Predictions on his decision have been mixed, but one thing has become certain — Corbett, an unpopular governor with low approval ratings and an approaching election, has become a lame duck with little power over his own party.
The budget, which was constructed by Republicans, doesn’t please the governor. Republicans left out pension reform for state employees — something Corbett has been pushing for to help rein in state spending. According to the governor’s budget office, Pennsylvania’s pension system debt outweighs its assets by more than a combined $47 billion. Pension reform will now need to be taken up by Republicans at a later date. The budget also left out another goal the governor has failed to achieve: privatizing the state’s liquor sales.
Both privatizing liquor sales (a no-brainer) and reforming the pension system are both topics that should be widely popular with Pennsylvanians, but Corbett has failed to connect the dots in a meaningful way with voters.

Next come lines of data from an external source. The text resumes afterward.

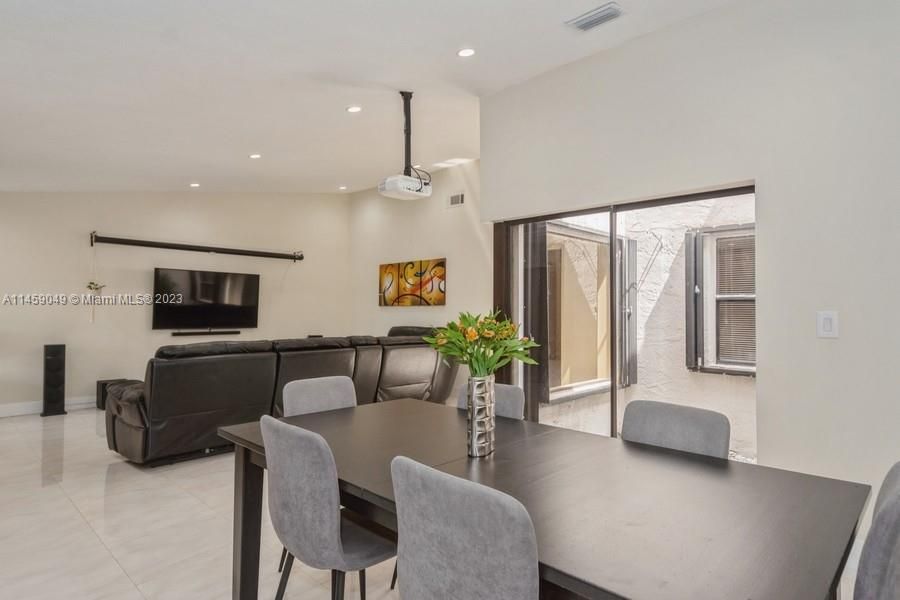 Recently Sold: $460,000 (3 beds, 2 baths, 1537 Square Feet)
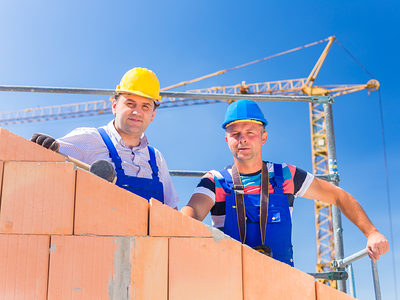 Two proud construction site workers or bricklayers standing on house project directing the crane with a remote control Schlagwort(e): construction, building, site, crane, Home, house, real estate, bricklayer, builder, worker, craftsman, bricklayer, build, crane, project, shell, profession, occupation, job, staff, employee, employment, work, colleagues, team, helmet, hardhat, scaffold, walls, wall, bricks, stonewall, bricklaying, laying, brick, safety, protection, boom, pride, proud, men, male, two, people, German, European, remote, control, baustelle, bauarbeiter, haus, immobilie, kran, eigenheim, bauplne, maurer, bau, bauen, rohbau, mauern, handwerker, bauindustrie, bauprojekt, job, beruf, arbeit, arbeiten, mitarbeiter, arbeiter, arbeitsplatz, kollegen, team, helm, blaumann, gerst, hammer, wasserwaage, wnde, wand, backsteine, steine, backsteinwand, sicherheit, sicherheitskleidung, arbeitsschutz, baufinanzierung, stolz, mnner, zwei, menschen, deutsch, europisch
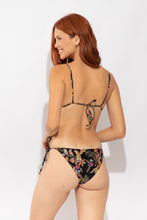 Carica l'immagine nel visualizzatore di Gallery, Model Back: Rio De Sol Slip Bottom Flora Ibiza-Comfy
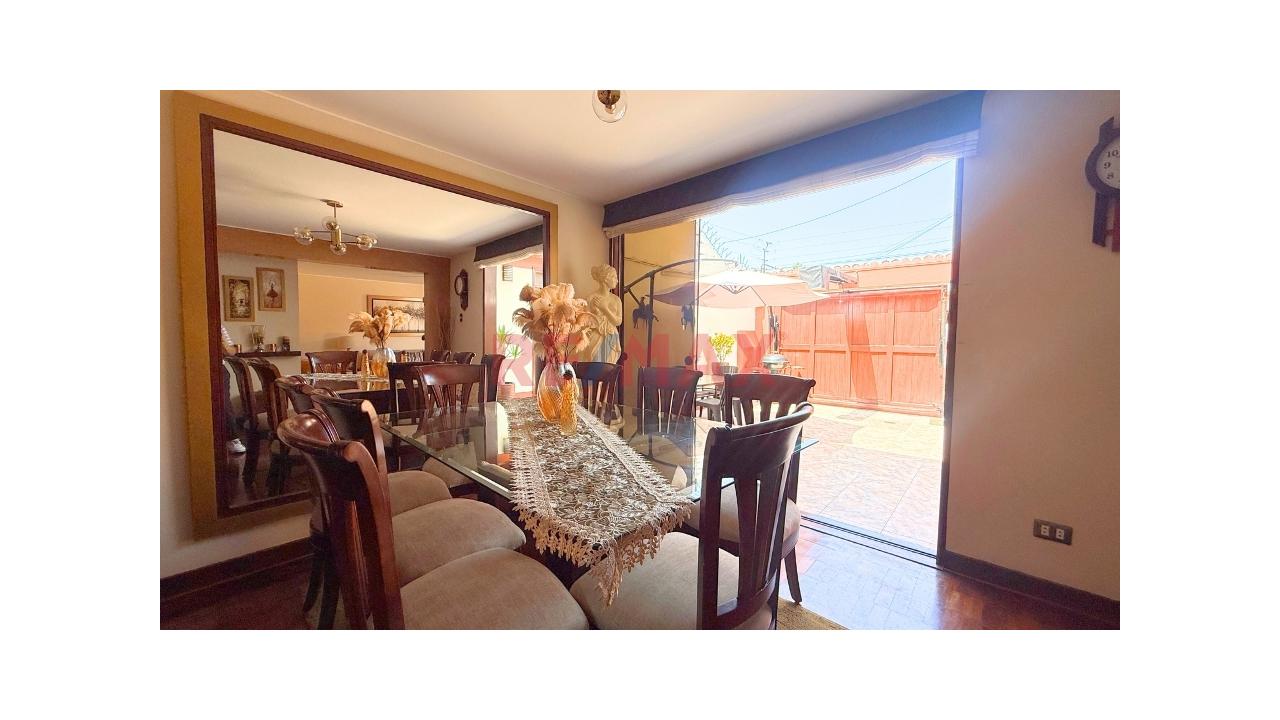 Se Vende Hermosa Casa - Urb. Sta. Leonor- Chorrillos - 14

Another aspect of the budget that goes against the governor’s “no new taxes” pledge is the Legislature approving a $2 cigarette tax in Philadelphia. The cigarette tax will aid the city’s public school system. The city’s school system continues to find itself in a multi-million budget shortfall. After some debate, and pressure from Mayor Michael Nutter and others like the City Council, the Legislature was convinced the plan was a good idea. The vote passed the Pennsylvania House of Representatives by a 119 to 80 vote.
The Mayor and City Council quickly celebrated the new tax as a win for Philly schools.
“I sincerely hope Governor Corbett keeps his word and signs this legislation into law,” City Council President Darrell L. Clarke said. “I will continue to work with my colleagues in City Council and in the General Assembly toward truly adequate funding for all public schools in the Commonwealth of Pennsylvania. Let us endeavor to not just keep our schools afloat, but to enhance learning environments for our students. We should not settle for merely stopping a decline in our schools.”
The money raised from a cigarette tax is estimated to be around $45 million in the first year and double that in years to come. This number, often cited in news reports, could be a bit misleading for years to come. It’s likely that number is unrealistic. When smokers start quitting, buying cigarettes outside the city or turn to the black market, the taxes raised will decrease. In New York, for example, where cigarettes taxes are some of the highest in the nation, the state also leads in illegal cigarette smuggling and sales. Philadelphia will also soon rank high in that department.
The fact is the cigarette tax will likely be an unreliable way to fund the Philadelphia school system. This method was chosen because smokers are a vulnerable and demonized group politically, not because it was the best method to keep the school system afloat.
Corbett has remained quiet on these issues. His moves in the days ahead will further prove whether he is a lame duck. It’s likely, in my opinion, he will sign the budget. Although he clearly is not happy with the outcome.